Abortion debate cancelled20th November 2014
A scheduled Oxford Students For Life debate on the topic of “This House believes that abortion culture harms us all” was prevented from happening on Tuesday evening following pressure from student activists.
The debate, which was due to be held at the Blue Boar Lecture Theatre in Christ Church, was described on Facebook: “Last year in Britain, over 185,000 abortions were carried out. What does this say about our national culture? Is it a sign of equality, or does it suggest we treat human life carelessly? Joining OSFL to debate the issue are two prominent journalists.” Prior to its cancellation it had been subject to heavy criticism from student activists, and in particular members of the feminist Facebook discussion group Cuntry Living.
Criticism on social media was followed by moves to shut down the debate, with Christ Church JCR Treasurer Will Neaverson bringing forward a motion at Sunday’s GM which resolved to “request our college authorities and our elected officers to try and cancel an event hosted by Oxford Students for Life”, and the college responded to the request the following day with a decision to cancel the debate.
An email sent around the Christ Church JCR mailing list by JCR President Louise Revell stated that the decision of the College authorities had been not to grant OSFL permission to host the event in Christ Church, for the reason that “there was insufficient time between today and tomorrow to address some concerns they had about the meeting”.
The GM motion, which originally questioned the legitimacy of the OSFL debate itself, was amended following a three-hour debate to mandate JCR Officers to raise “security concerns, both physical and mental, of Christ Church students” with the college. The amended motion also noted the JCR’s “strong concern with the practical format of the debate”.
Neaverson told the OxStu: “I’m relieved that Christ Church passed the motion, which sends a strong message that the welfare and safety of our students is more important than an outside group’s access to use our space.”
Other Christ Church students disagreed. One Christ Church undergraduate posted on Facebook: “How can you claim this is in favour of free and fair debate when you propose shutting down an event because you disagree with their ‘narrative’? Where is free debate if the Christ Church JCR should decide which narratives are acceptable and which are not?”
However, Charlotte Sykes, editor of Cuntry Living, criticised the event, posting: “Why are both the speakers (apparently) cis-men? They will never have to directly experience an abortion and so are speaking for a group of people they do not represent.
Another example of decisions about women’s bodies being outsourced to men…”
The debate had already come under fire from OUSU’s Women’s Campaign, which released a statement on OSFL’s debate: “This Tuesday, a debate called “This House Believes Britain’s Abortion Culture Hurts Us All” will be hosted at Christ Church, where two men journalists will be joining with Oxford Students For Life (OSFL) to discuss ‘abortion culture’.
“The Women’s Campaign (WomCam) condemn OSFL for holding this debate. It is absurd to think we should be listening to two cisgender men debate about what people with uteruses should be doing with their bodies. By only giving a platform to these men, OSFL are participating in a culture where reproductive rights are limited and policed by people who will never experience needing an abortion.
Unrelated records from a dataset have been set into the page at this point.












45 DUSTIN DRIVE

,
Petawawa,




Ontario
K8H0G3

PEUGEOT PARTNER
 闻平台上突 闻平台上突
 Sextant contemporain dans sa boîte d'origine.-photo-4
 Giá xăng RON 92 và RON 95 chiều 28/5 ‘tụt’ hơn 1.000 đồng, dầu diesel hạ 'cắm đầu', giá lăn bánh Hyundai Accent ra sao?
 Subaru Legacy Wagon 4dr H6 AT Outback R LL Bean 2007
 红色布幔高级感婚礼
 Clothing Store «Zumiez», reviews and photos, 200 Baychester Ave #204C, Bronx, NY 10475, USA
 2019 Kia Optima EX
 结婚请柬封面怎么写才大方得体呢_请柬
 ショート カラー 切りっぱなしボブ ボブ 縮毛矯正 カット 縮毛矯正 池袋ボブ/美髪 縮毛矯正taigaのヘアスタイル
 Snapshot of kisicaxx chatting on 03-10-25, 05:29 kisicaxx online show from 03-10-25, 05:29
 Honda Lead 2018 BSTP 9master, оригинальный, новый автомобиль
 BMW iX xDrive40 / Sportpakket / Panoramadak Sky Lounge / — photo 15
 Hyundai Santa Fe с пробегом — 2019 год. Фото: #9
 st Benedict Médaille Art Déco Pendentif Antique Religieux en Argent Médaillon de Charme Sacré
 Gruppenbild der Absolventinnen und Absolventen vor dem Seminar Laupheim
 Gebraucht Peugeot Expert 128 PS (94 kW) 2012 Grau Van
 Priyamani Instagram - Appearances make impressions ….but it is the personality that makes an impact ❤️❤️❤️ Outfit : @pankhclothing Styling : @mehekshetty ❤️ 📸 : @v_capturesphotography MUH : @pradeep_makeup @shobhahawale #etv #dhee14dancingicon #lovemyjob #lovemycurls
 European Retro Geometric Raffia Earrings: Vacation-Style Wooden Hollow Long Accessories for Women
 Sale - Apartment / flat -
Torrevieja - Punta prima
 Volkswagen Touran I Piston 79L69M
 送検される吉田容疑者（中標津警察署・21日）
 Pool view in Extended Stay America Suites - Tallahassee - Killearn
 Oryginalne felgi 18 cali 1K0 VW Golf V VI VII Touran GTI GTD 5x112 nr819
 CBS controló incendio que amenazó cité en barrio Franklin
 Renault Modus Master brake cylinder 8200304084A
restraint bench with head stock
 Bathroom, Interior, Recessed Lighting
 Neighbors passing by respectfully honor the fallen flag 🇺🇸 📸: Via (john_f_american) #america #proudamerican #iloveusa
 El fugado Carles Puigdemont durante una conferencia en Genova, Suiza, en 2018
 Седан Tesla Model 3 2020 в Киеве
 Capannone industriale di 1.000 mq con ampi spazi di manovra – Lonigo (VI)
“The event description seems to suggest that increased access to abortion contributes to a ‘culture’ of ‘[treating] human life carelessly’. Framing the debate in these pro-life terms denies people autonomy over the choices they make regarding their own bodies.”
WomCam called “for an apology from OSFL for hosting this event and urge them to cancel it” and supported a “disruptive protest” if the event goes ahead. WomCam further added “we also support those within Christ Church who are working to stop the event going ahead”.
In response to criticism, OSFL released a statement, saying: “Free speech is a vital principle of a democratic society, and at a university of all places it should be protected. We’re very happy to discuss people’s concerns about the event, but it would be a shame if open debate was shut down.
“While we recognise that this is an issue which affects women especially – and partly for that reason we have hosted two all-women panel debates in the last year – Tim and Brendan are two well-known commentators coming to talk about an issue which has an impact on the whole of British society.
“As a sign of our commitment to dialogue on this challenging issue, we’d like to invite WomCam to co-host a debate next term.”